= Task description =
Retype, word for word, each line between the lines holding "Herre | Gensere" and "Used 2023 Toyota Camry SE image 25", inclusive, and leave the rest of the data alone.

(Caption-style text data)

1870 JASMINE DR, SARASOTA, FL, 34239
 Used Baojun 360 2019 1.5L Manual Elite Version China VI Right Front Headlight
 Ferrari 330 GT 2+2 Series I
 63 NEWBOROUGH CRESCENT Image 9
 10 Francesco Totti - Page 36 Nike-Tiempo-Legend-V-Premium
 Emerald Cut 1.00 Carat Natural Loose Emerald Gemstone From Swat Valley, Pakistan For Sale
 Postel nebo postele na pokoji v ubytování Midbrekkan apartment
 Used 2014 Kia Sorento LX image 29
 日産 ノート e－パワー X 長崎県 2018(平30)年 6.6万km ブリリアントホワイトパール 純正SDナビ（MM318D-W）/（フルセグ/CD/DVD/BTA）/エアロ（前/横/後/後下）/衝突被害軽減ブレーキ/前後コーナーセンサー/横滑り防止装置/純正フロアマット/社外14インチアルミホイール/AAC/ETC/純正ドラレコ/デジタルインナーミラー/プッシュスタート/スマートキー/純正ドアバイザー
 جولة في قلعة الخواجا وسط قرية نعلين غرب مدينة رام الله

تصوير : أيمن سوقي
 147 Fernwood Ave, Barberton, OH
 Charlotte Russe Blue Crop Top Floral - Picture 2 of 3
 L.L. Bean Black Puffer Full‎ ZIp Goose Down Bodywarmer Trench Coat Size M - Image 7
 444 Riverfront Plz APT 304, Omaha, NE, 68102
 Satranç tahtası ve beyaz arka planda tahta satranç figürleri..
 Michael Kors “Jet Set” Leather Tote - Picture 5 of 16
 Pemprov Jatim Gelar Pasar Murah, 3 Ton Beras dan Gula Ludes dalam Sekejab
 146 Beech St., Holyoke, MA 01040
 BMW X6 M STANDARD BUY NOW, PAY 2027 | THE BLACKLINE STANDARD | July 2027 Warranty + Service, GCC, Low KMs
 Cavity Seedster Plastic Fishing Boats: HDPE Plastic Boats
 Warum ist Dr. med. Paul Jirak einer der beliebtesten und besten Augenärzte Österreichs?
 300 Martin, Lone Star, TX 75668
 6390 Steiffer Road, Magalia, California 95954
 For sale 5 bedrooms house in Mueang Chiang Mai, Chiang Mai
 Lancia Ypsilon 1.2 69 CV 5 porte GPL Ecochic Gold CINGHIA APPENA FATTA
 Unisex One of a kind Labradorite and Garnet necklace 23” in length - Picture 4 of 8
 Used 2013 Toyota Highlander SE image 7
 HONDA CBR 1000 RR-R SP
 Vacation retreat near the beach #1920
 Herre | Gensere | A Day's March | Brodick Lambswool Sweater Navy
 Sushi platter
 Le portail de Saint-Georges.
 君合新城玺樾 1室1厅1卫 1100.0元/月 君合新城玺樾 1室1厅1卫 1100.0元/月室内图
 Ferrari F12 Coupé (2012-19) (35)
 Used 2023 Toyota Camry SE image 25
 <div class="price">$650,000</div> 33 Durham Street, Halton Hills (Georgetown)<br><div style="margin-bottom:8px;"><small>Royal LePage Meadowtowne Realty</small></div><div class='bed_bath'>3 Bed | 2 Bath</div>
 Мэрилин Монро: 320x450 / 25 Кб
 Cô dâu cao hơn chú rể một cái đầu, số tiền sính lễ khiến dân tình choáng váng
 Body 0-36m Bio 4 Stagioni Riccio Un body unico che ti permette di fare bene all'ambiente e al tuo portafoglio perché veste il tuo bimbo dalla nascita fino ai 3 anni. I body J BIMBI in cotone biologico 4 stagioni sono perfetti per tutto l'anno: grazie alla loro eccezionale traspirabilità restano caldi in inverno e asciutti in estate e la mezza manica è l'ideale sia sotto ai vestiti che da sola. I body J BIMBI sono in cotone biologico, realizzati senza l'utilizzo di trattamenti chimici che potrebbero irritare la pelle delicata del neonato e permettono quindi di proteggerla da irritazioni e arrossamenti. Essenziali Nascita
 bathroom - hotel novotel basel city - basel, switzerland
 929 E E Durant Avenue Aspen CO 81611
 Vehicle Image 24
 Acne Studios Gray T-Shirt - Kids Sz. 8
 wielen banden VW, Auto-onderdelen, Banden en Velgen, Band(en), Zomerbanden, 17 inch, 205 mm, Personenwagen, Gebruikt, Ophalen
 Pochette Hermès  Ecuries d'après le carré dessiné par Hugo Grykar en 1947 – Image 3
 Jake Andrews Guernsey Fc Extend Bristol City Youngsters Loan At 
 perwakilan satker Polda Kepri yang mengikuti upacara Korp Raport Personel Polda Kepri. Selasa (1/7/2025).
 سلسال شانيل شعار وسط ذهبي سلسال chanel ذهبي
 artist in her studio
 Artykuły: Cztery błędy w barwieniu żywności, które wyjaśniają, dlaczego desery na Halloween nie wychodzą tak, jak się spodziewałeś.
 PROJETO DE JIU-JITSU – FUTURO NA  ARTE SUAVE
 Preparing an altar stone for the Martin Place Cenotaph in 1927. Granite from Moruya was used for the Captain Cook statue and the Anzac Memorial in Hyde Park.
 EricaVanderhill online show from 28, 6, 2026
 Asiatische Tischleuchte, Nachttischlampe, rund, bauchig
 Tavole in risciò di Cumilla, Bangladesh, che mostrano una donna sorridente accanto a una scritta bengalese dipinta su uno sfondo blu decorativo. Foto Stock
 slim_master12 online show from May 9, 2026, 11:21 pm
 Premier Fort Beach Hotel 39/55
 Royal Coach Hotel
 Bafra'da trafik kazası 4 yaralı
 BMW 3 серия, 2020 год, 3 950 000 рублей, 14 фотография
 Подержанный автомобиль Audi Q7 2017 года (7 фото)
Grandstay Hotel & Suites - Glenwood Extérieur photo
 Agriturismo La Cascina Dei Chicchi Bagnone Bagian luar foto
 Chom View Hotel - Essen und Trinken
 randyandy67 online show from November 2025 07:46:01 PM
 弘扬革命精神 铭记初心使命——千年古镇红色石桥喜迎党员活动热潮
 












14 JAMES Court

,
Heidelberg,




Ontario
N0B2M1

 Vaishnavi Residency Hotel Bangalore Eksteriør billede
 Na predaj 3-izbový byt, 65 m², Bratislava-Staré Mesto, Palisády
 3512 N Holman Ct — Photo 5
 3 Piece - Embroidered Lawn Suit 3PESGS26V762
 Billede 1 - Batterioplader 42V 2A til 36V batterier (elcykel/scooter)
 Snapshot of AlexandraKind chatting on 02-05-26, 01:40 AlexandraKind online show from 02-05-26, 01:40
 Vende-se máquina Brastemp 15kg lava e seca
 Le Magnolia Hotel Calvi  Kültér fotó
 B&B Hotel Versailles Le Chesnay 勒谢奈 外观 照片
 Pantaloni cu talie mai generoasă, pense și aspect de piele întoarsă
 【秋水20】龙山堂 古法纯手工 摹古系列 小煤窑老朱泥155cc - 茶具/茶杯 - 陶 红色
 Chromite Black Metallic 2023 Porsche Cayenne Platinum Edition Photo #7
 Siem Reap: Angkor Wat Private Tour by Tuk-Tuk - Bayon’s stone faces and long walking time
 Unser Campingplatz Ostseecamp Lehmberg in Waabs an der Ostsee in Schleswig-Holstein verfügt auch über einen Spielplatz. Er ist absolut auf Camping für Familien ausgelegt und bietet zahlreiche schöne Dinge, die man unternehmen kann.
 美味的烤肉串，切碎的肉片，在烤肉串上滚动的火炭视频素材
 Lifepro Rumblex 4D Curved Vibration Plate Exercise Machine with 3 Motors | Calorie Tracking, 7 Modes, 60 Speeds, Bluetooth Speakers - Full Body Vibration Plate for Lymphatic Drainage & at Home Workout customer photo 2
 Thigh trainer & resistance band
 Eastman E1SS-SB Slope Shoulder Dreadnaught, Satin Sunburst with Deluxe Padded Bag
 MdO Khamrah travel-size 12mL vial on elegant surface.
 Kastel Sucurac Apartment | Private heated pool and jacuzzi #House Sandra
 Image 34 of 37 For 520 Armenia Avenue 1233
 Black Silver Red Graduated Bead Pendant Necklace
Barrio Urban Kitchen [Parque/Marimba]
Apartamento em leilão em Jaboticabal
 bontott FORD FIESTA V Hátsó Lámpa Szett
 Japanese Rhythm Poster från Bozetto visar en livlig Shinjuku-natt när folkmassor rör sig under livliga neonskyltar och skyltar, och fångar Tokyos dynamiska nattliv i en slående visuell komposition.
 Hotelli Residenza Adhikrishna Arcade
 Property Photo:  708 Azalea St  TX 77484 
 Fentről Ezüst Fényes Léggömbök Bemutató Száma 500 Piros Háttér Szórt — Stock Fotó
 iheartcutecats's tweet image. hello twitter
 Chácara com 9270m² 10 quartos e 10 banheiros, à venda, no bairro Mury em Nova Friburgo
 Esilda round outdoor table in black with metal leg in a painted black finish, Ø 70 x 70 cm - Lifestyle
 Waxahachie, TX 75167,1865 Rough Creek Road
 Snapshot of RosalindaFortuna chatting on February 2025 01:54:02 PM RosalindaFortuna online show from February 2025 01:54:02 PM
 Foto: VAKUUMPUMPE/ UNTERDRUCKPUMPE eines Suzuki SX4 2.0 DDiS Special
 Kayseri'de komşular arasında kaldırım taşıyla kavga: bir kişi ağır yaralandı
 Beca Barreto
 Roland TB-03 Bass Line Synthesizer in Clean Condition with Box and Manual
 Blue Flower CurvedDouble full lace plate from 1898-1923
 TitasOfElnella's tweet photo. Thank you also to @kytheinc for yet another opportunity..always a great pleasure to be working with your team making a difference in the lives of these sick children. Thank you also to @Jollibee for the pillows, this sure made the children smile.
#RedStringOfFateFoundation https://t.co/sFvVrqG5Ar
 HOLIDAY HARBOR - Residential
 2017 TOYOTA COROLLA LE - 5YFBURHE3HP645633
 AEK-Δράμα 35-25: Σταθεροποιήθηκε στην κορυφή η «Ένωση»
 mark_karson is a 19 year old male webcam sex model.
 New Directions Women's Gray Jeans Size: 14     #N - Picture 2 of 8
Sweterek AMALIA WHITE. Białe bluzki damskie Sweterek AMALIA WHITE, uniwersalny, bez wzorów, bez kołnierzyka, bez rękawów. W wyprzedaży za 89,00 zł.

= Answer space =
 Herre | Gensere | A Day's March | Brodick Lambswool Sweater Navy
 Sushi platter
 Le portail de Saint-Georges.
 君合新城玺樾 1室1厅1卫 1100.0元/月 君合新城玺樾 1室1厅1卫 1100.0元/月室内图
 Ferrari F12 Coupé (2012-19) (35)
 Used 2023 Toyota Camry SE image 25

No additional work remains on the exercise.